[Image-text web data]
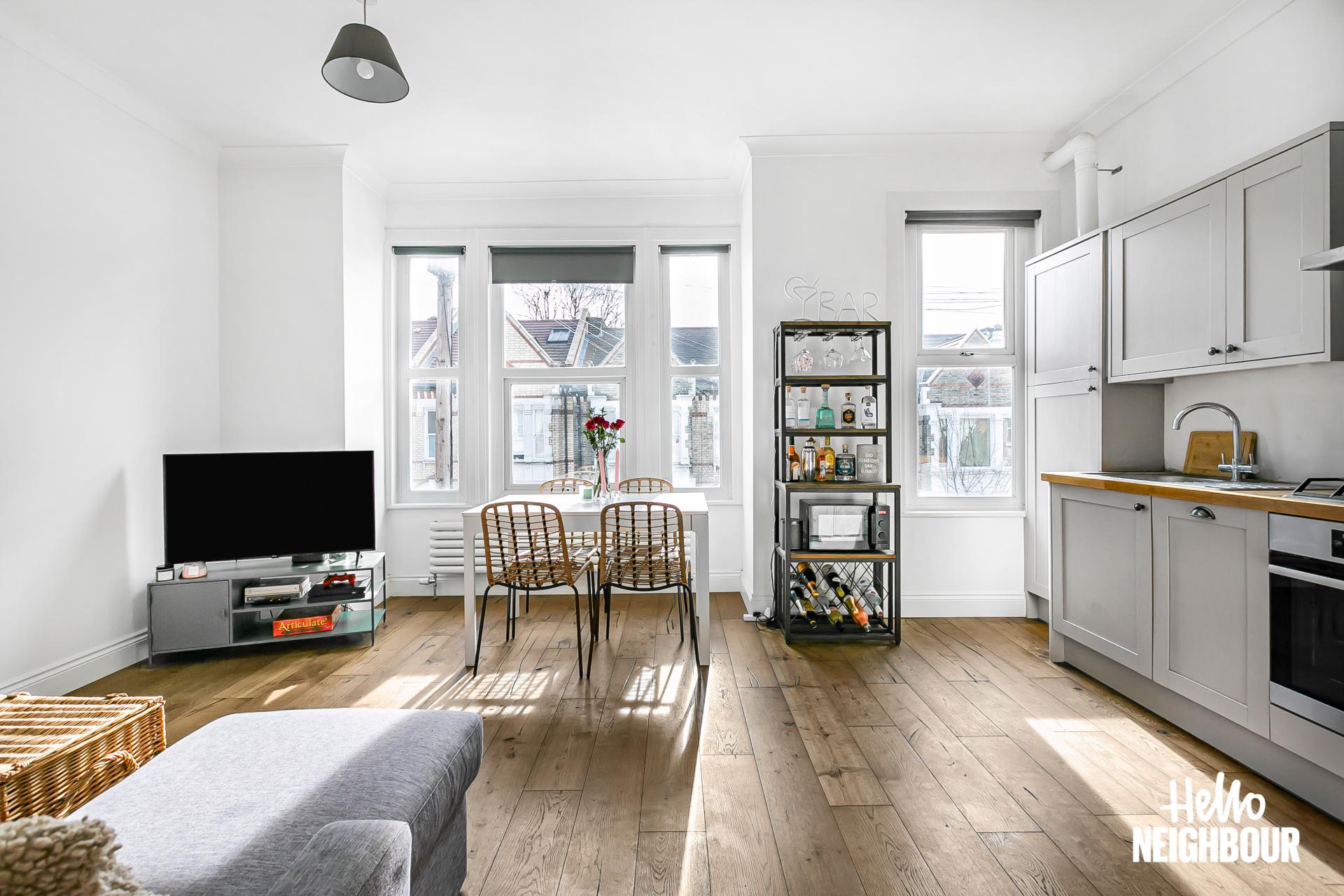 Flat Kingscourt Road in Greater London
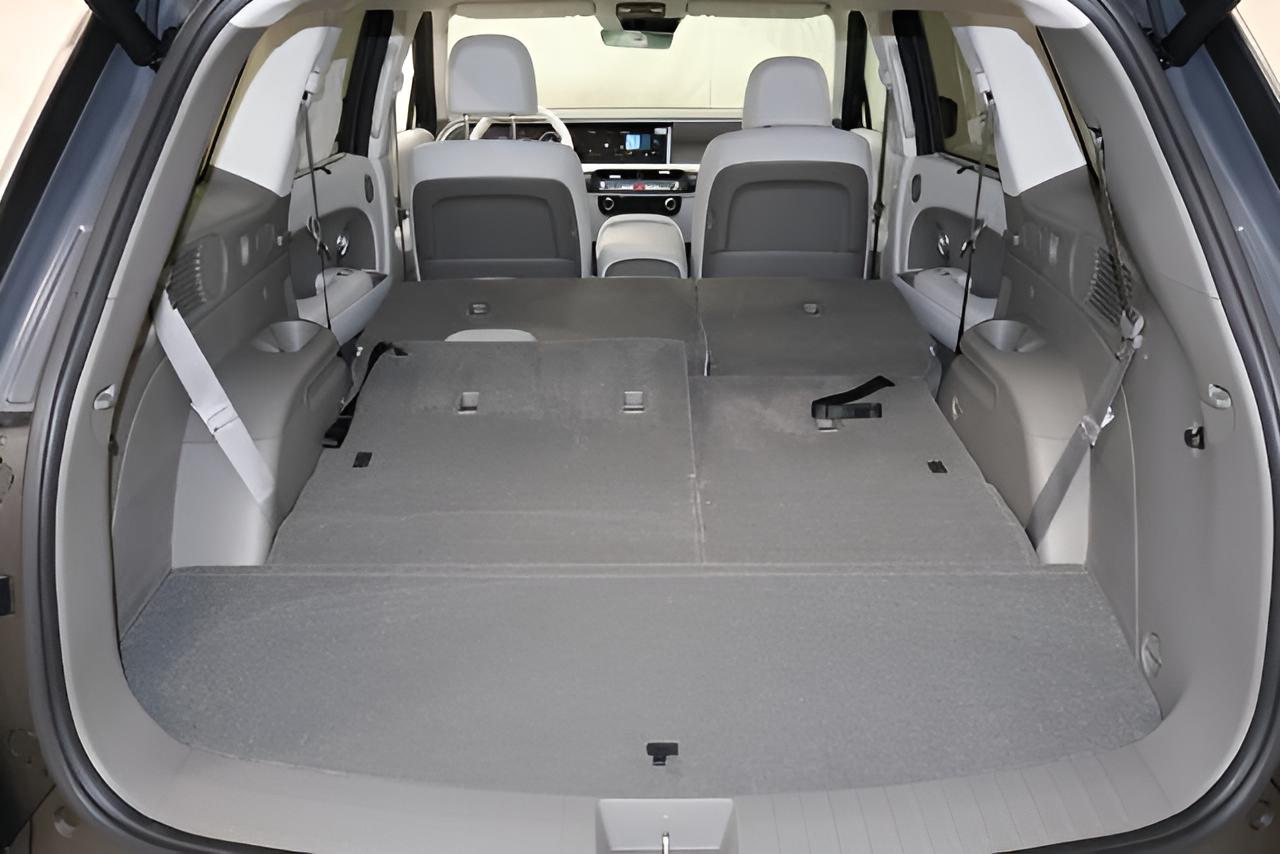 2027 Hyundai PALISADE SEL 8P AWD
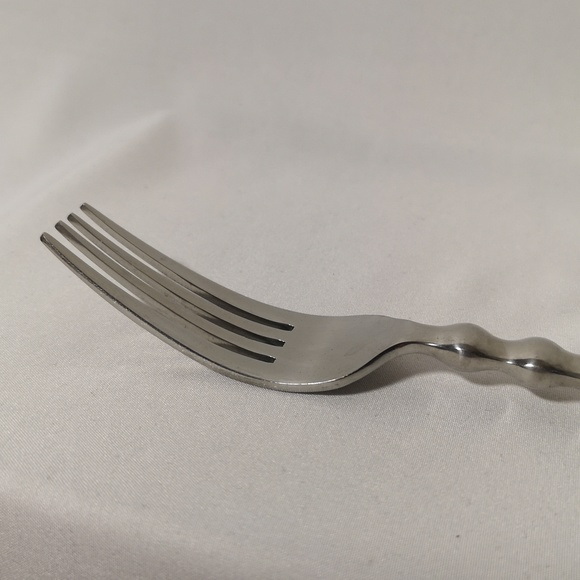 Set of Ten Large Towle Forks Krinkle-like Pattern in Great Condition Stainless - Picture 4 of 6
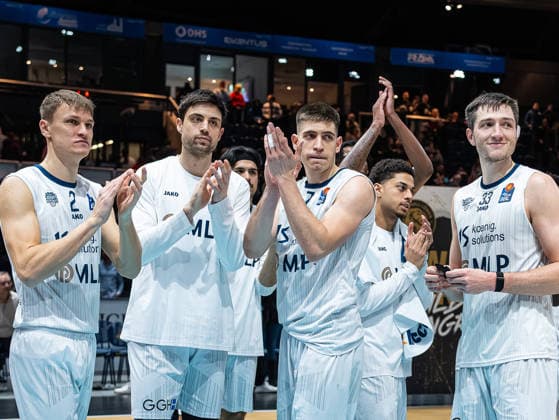 Niklas Wuerzner MLP Academics Heidelberg, 02 , Dusan Neskovic MLP Academics Heidelberg, 07 , Ryan Mikesell MLP Academics Heidelberg, 33 and the rest of the team are happy Basketball Loewen Braunschweig vs MLP Academics Heidelberg, Basketball, easyCredit Basketball Bundesliga, Matchday 18, Season 2025 2026, 01 02 2026 Basketball Loewen Braunschweig vs MLP Academics Heidelberg, Basketball, easyCredit Basketball Bundesliga, Matchday 18, Season 2025 2026, 01 02 2026 Braunschweig Copyright: xEibner-Pressefoto DamianxKruczynx EP_DKI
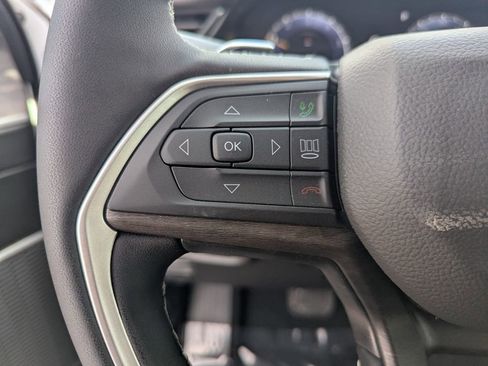 New 2026 Jeep Grand Cherokee L Limited RWD image 18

_WHAT TO WORK ON_
Transcribe every entry exactly, omitting pictures.

_OUTPUT FOR THIS EXERCISE_
 Flat Kingscourt Road in Greater London
 2027 Hyundai PALISADE SEL 8P AWD
 Set of Ten Large Towle Forks Krinkle-like Pattern in Great Condition Stainless - Picture 4 of 6
 Niklas Wuerzner MLP Academics Heidelberg, 02 , Dusan Neskovic MLP Academics Heidelberg, 07 , Ryan Mikesell MLP Academics Heidelberg, 33 and the rest of the team are happy Basketball Loewen Braunschweig vs MLP Academics Heidelberg, Basketball, easyCredit Basketball Bundesliga, Matchday 18, Season 2025 2026, 01 02 2026 Basketball Loewen Braunschweig vs MLP Academics Heidelberg, Basketball, easyCredit Basketball Bundesliga, Matchday 18, Season 2025 2026, 01 02 2026 Braunschweig Copyright: xEibner-Pressefoto DamianxKruczynx EP_DKI
 New 2026 Jeep Grand Cherokee L Limited RWD image 18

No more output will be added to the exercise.